-- DATA FOR THIS TASK --

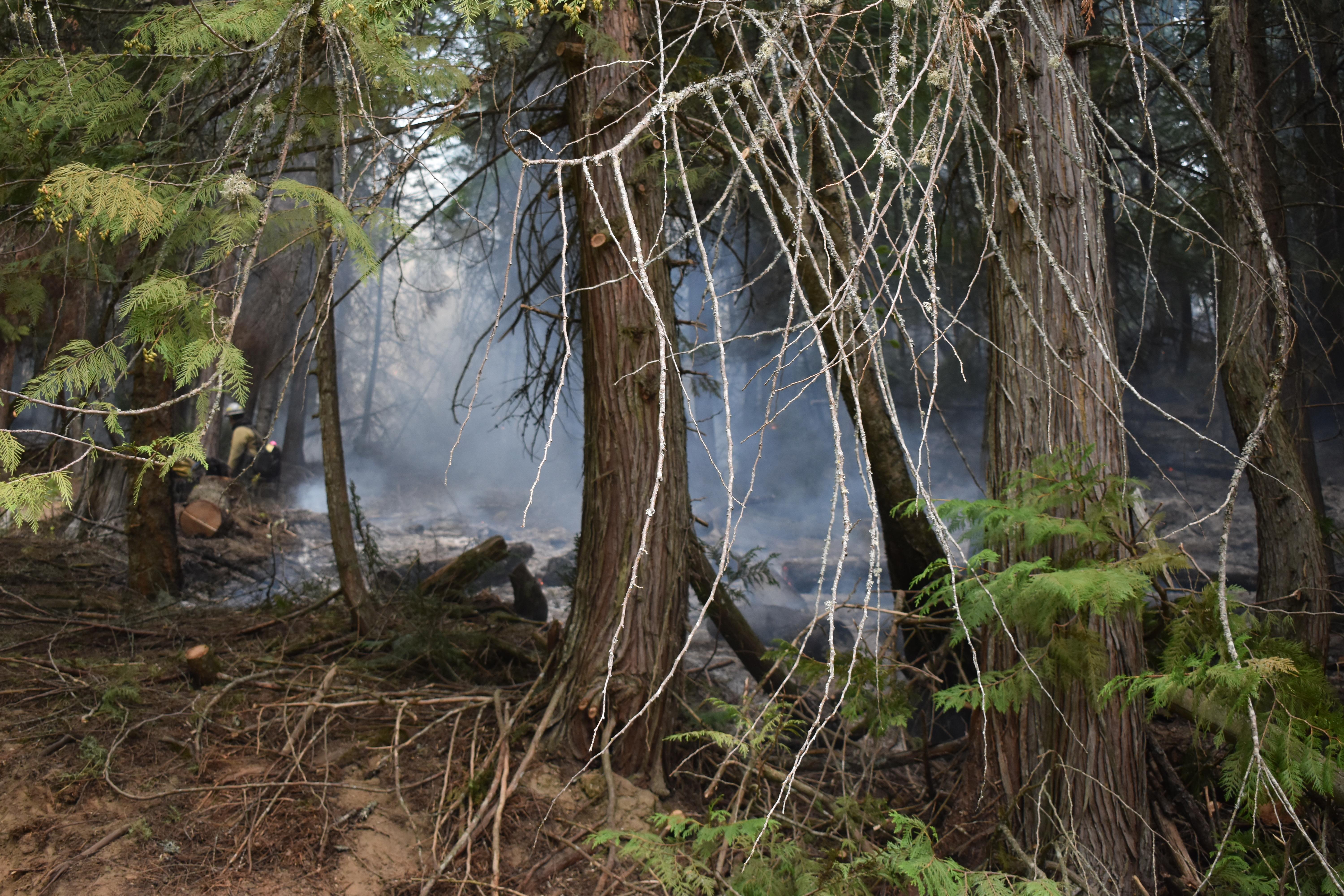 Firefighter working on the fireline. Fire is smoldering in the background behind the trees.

--

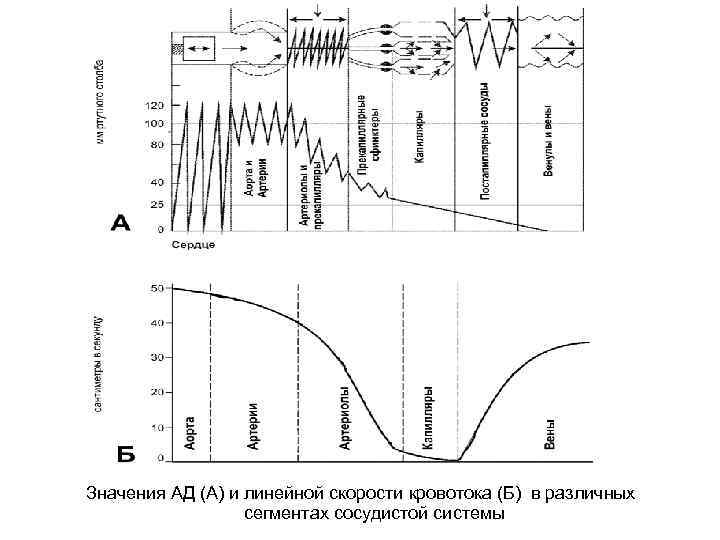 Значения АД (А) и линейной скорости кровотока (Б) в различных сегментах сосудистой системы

--

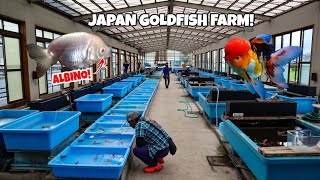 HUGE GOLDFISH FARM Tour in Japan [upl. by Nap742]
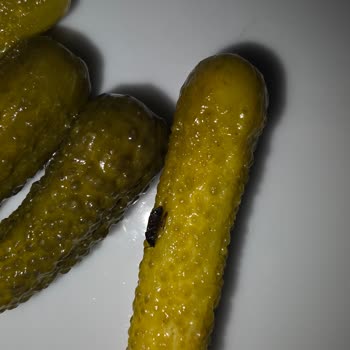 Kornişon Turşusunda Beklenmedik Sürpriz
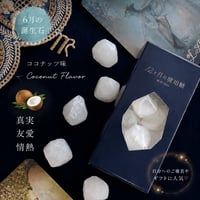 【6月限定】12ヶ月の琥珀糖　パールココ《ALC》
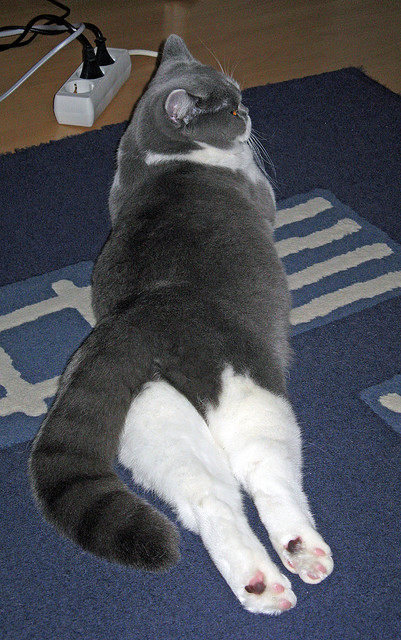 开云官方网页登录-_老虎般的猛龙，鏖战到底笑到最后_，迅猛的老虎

-- YOUR TASK --
Please copy the lines above exactly, starting at the line that holds "HUGE GOLDFISH FARM" and ending at the line that holds "开云官方网页登录-_老虎般的猛龙，鏖战到底笑到最后_，迅猛的老虎"; include both, but no pictures.

-- RESULT BELOW --
 HUGE GOLDFISH FARM Tour in Japan [upl. by Nap742]
 Kornişon Turşusunda Beklenmedik Sürpriz
 【6月限定】12ヶ月の琥珀糖　パールココ《ALC》
 开云官方网页登录-_老虎般的猛龙，鏖战到底笑到最后_，迅猛的老虎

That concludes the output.